GOAL OF THE EXERCISE :: Only the lines from the line with "Little Critterz Coyote" through the end of the records belong in your reply, copied exactly, with every picture left out.

[Start of section]

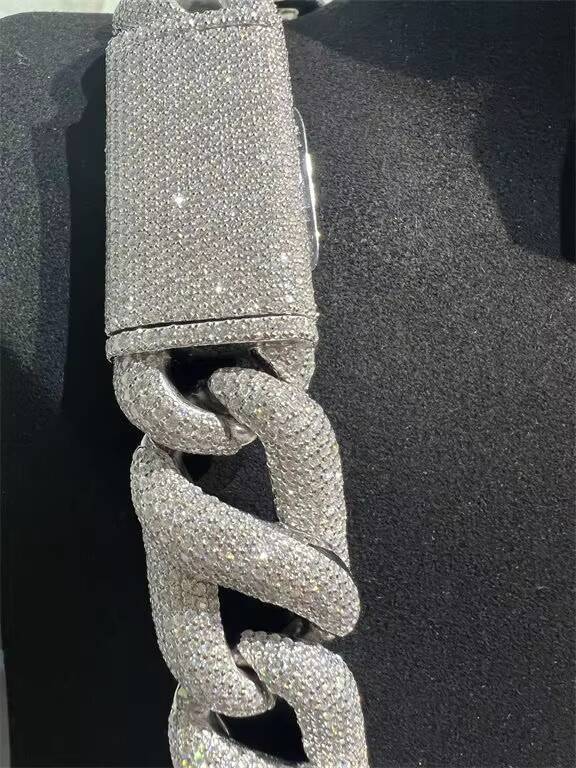 Factory Direct 925 Pure Silver Platinum Plated 16mm Moissanite Necklace 24 Inch Cuban Chain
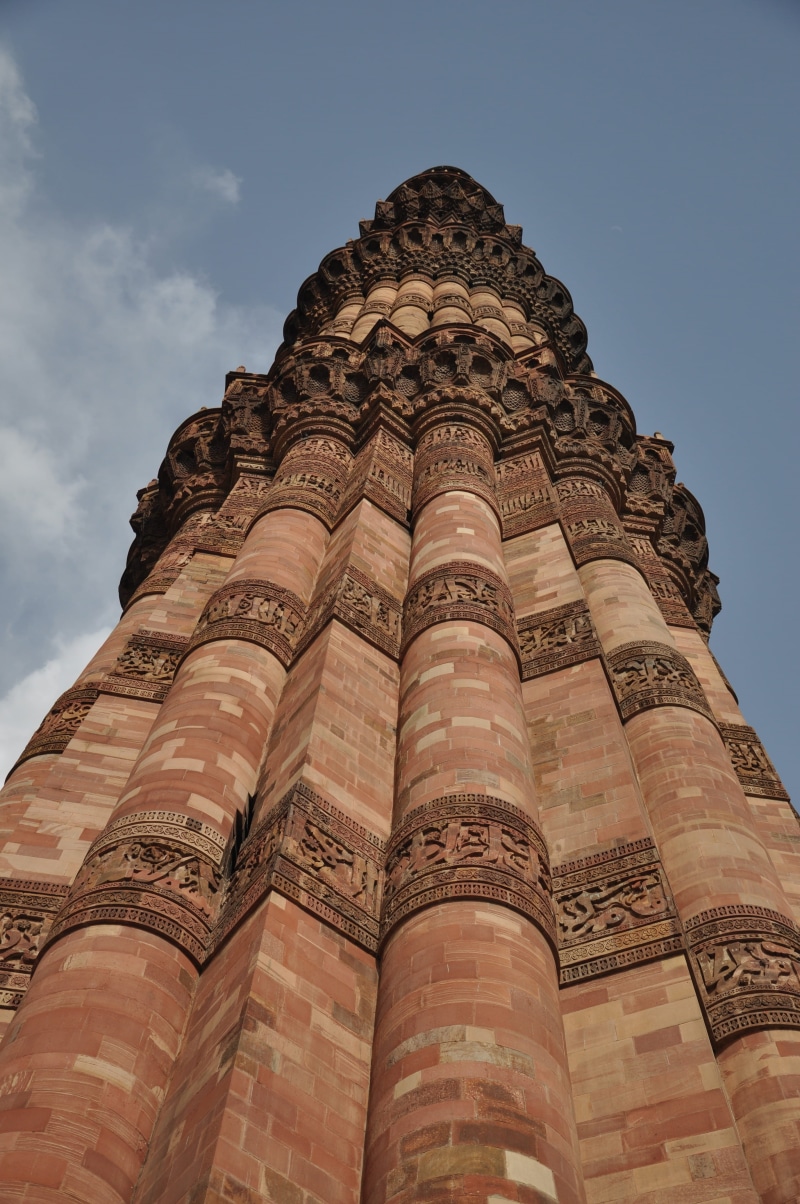 india, landmark, carving, belief, stone, low angle view, pattern, religion, travel, building, cultures, architecture, minar, qutub, heritage, sky, built structure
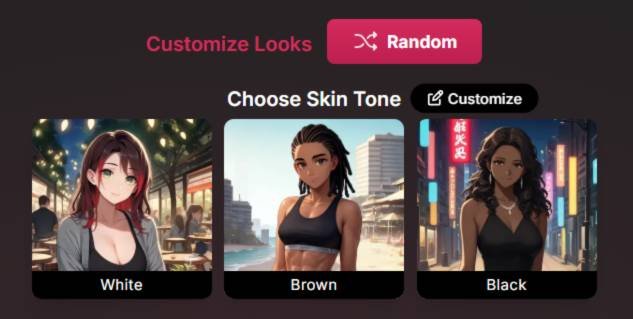 Step2 - Choose the skin color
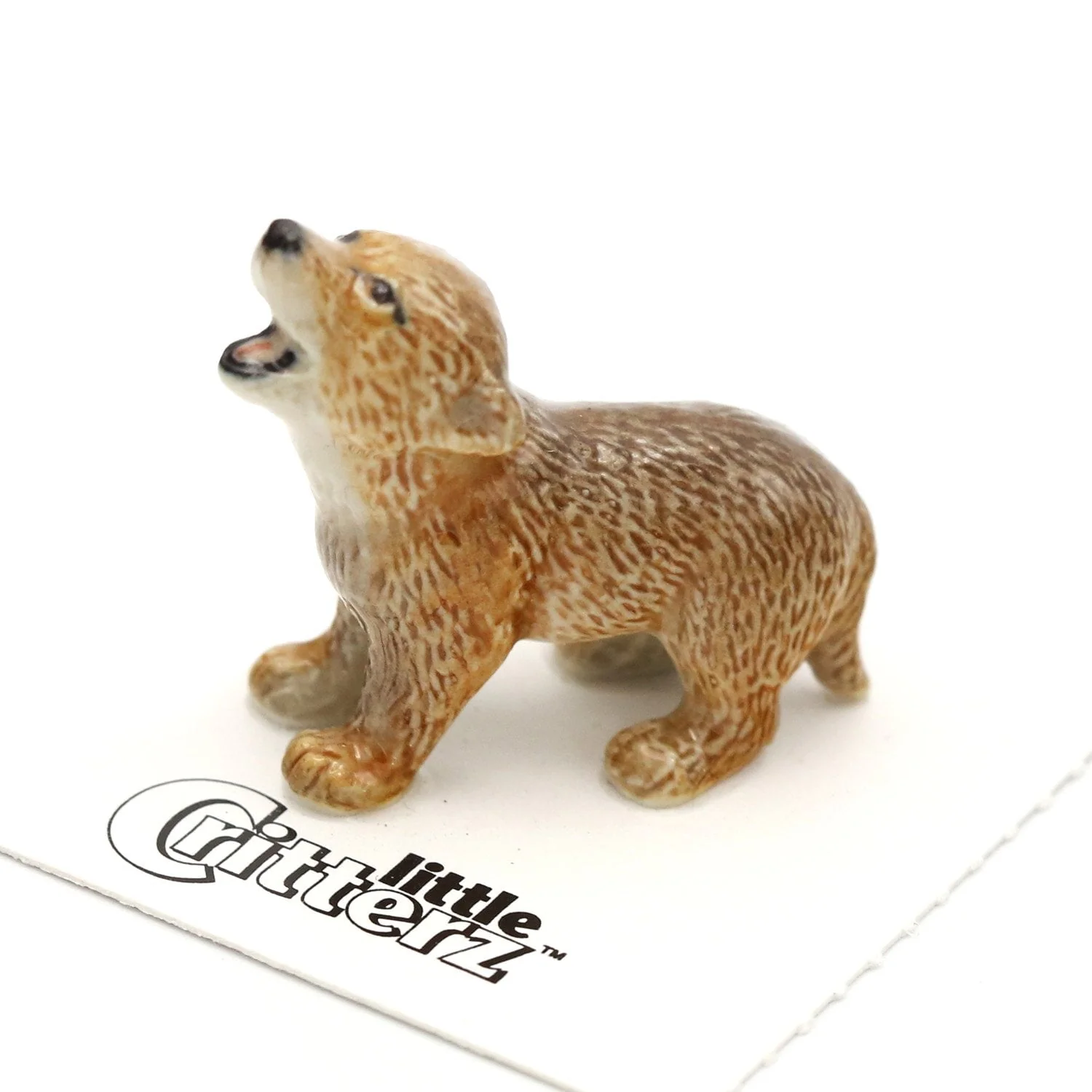 Little Critterz Coyote Pup “Howler” – Decorative Figurine Miniature Porcelain Figurine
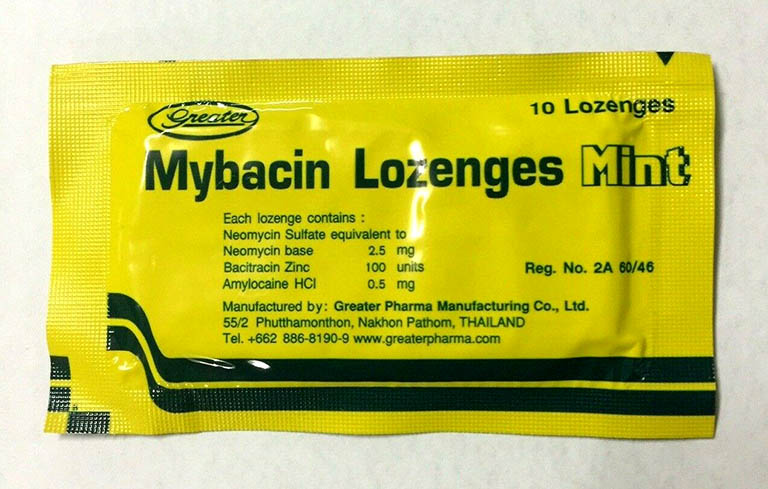 Mybacin là thuốc ngậm trị viêm họng thuộc nhóm kháng nấm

[End of section]

RESPONSE TO THE TASK ::
 Little Critterz Coyote Pup “Howler” – Decorative Figurine Miniature Porcelain Figurine
 Mybacin là thuốc ngậm trị viêm họng thuộc nhóm kháng nấm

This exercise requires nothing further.